In the late 15th century, the government of Spain, in defiance of the pope’s call for due process, decided it was time to root out the heretics and subversives in its midst.

And so they contracted with one Tomás de Torquemada, appointed him Grand Inquisitor, and let him loose.

Here in the heartland, the nomination of Barack Obama for president, and his subsequent election, have empowered the heretic hunters in our midst, one veteran grand inquisitor in particular.

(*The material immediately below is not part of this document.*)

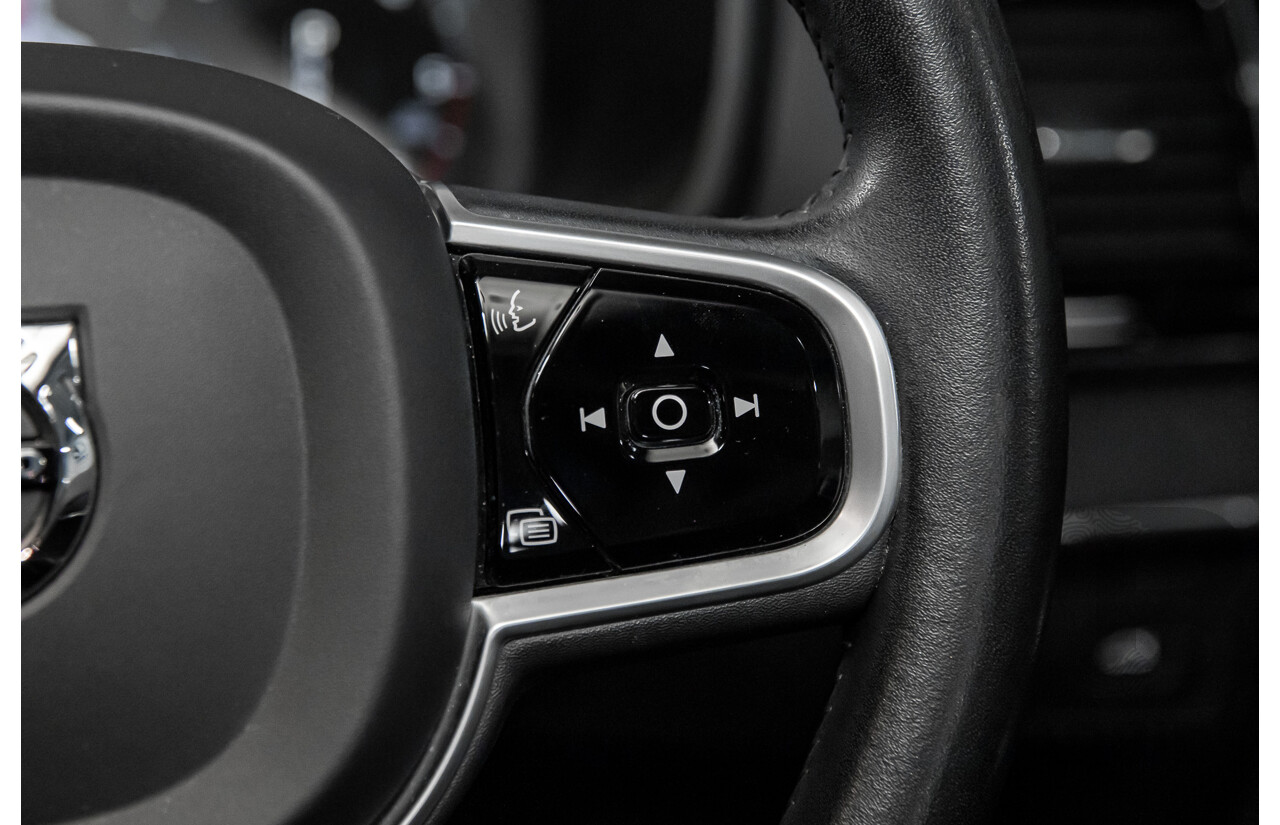 1/2020 Volvo XC90 D5 Inscription (AWD) 256 MY20 Onyx Black Metallic Twin Turbo Diesel 2.0L - 7 Seater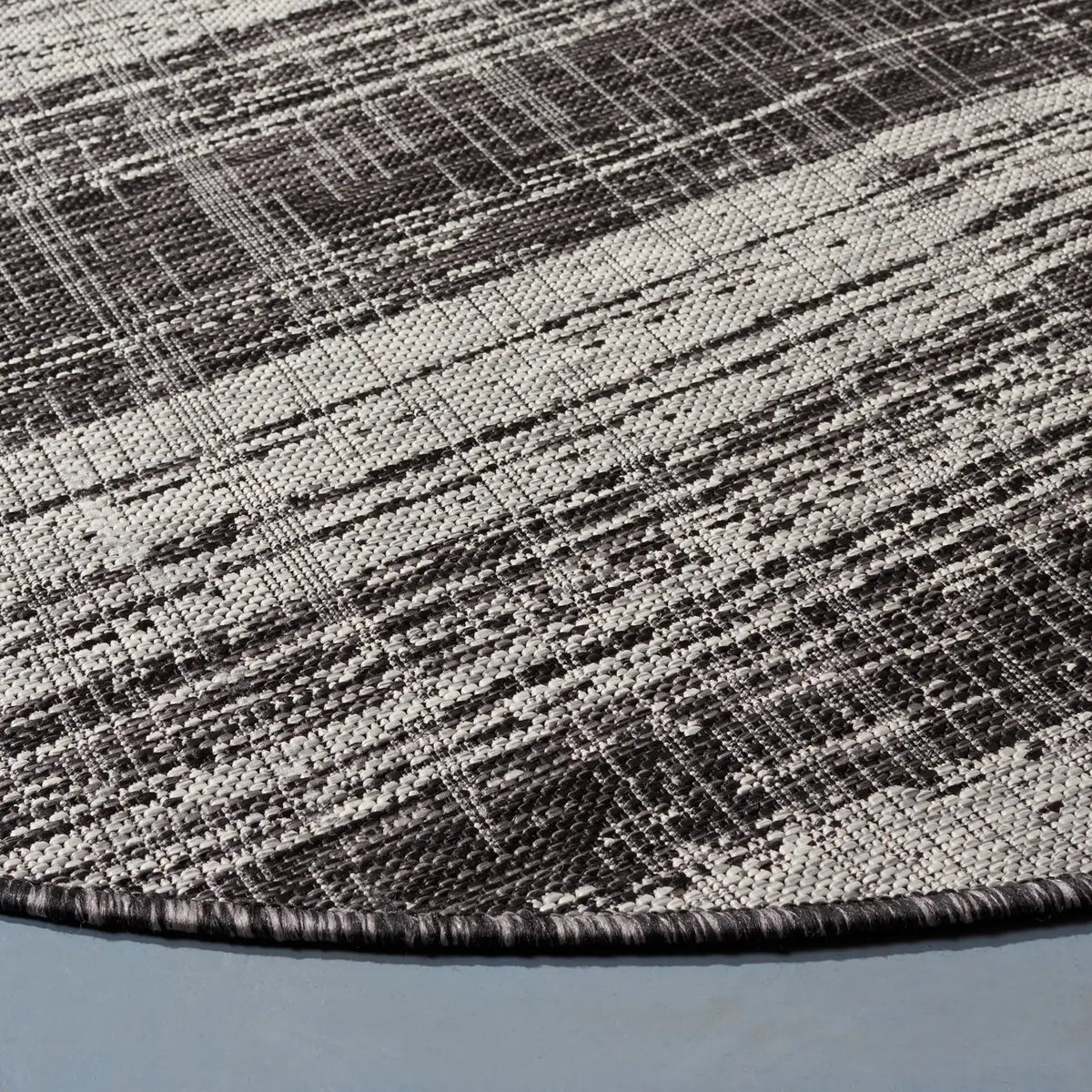 Safavieh Courtyard 6'-7" x 6'-7" Rug in Black / Grey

In the past few weeks, I have documented how an informal cabal that included the local media, Democratic office holders, liberal clergy, and self-described “watchdog” groups conspired to defame, bankrupt, and even imprison individuals who flouted the liberal orthodoxy.

Now, entering stage left in this Kafkaesque drama is our own Torquemada, Leonard Zeskind (at left), the Midwest’s most celebrated “watchdog,” the winner of a $295,000 McArthur "genius grant," and now author of a new guilt-by-association magnus opus, “Blood and Politics.”


The Star and Zeskind have good cause to stay mum. The unrepentant Zeskind is a man with a past.


In a breathless 1800-word article this week, the Kansas City Star echoed the blurb writers’ description of the book as “brilliant,” “definitive,” “breathtaking” and “essential.”

Zeskind, the Star tells us, “connects dots.” And after 35 or so years of dot-connecting, “He has become known as one of the most effective and dogged researchers on . . fascist and neo-nationalist movements around the globe.”

Says Zeskind of his own role, “I’m the guy people go to for advice.”

Without a peep of protest from the Star, Zeskind unblushingly connects these same neo-Nazi dots to Pat Buchanan, the Missouri Civil Rights Initiative of the African-American Ward Connerly, and the imaginary professors of “scientific racism” on America’s campuses.

As Zeskind tells the story, once the Soviet Union fell, America’s “ mainstream conservatives” found a common enemy “in immigration and any vision of America that included multiracial democracy.”

Zeskind is half-right. Radical tactics changed after the fall of the Soviet Union, but they were not those of American conservatives. They were those of Zeskind and comrades.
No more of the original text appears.